The only book you need is 5/3/1...get on it


I can't believe nobody recommended this one.

I mean it has nothing to do with training, but come on...in the eventuality that you encounter a "Space Vampire", you'll need to know what to do!


The previous book dovetails very nicely into this fantastic, Pulitzer-caliber tome. Again.....when IT happens - and it will! - you need to know what to do...


I can't not recommend Supertraining enough. I wish I could go back in time 10 years and unread it.


X2 !

Build your brain power like you would your body. Slowly with intent. Some things such as Supertraining are THICK. I ended up reading the second and third chapters thrice over to get the full meaning.

I also took the time over the last four years to build slowly and with intent a very nice library of books.
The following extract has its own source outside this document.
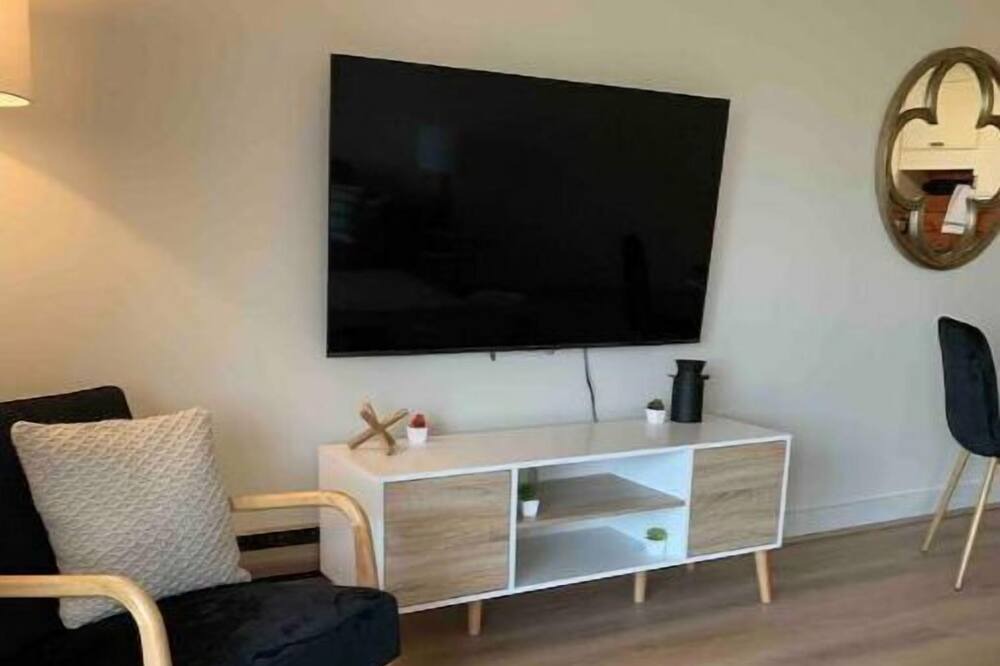 Photo of Livingroom in Long Lake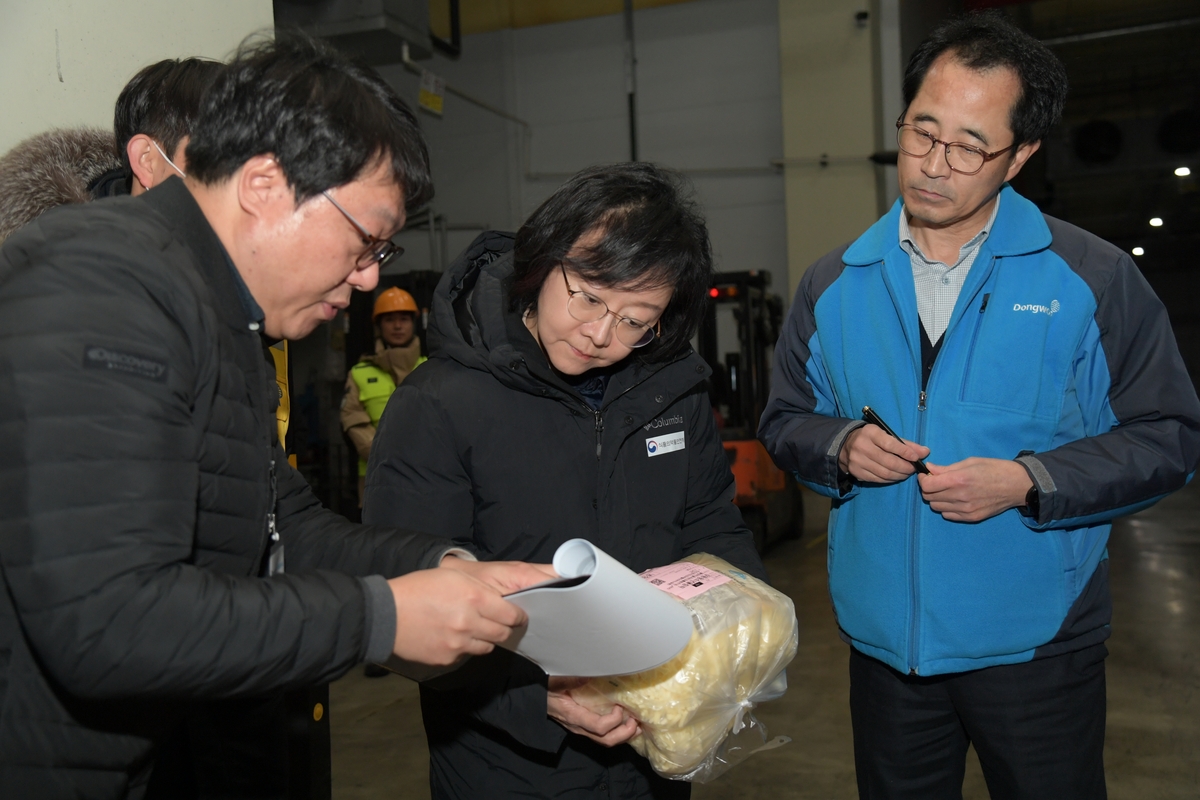 Food and Drug Safety Minister Oh Yookyung Inspects Logistics Center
These I will use over my lifetime as reference books...

T-Nation folk have always been open and helpful so use this as a resource as well...much success to you.


Crichton blows Dan brown out of the water. I'm currently re-reading the Lost World for the 10th time




Have to agree, he has a level of detail that surpasses Brown.

Now reading Brian Lumley Scifi books, on the second one.


Is "Power to the people professional" any good?

The ~pages about how Valentin Dikul rehabbed his back, and round back DLing sound really, really good... are they? Or is it just Pavel's usual exaggerations?


The Sun Also Rises.

One of the greatest books ever written in the English language.



the best i've done is read sections of Supertraining here and there.

it's an editorial mess; not an easy read.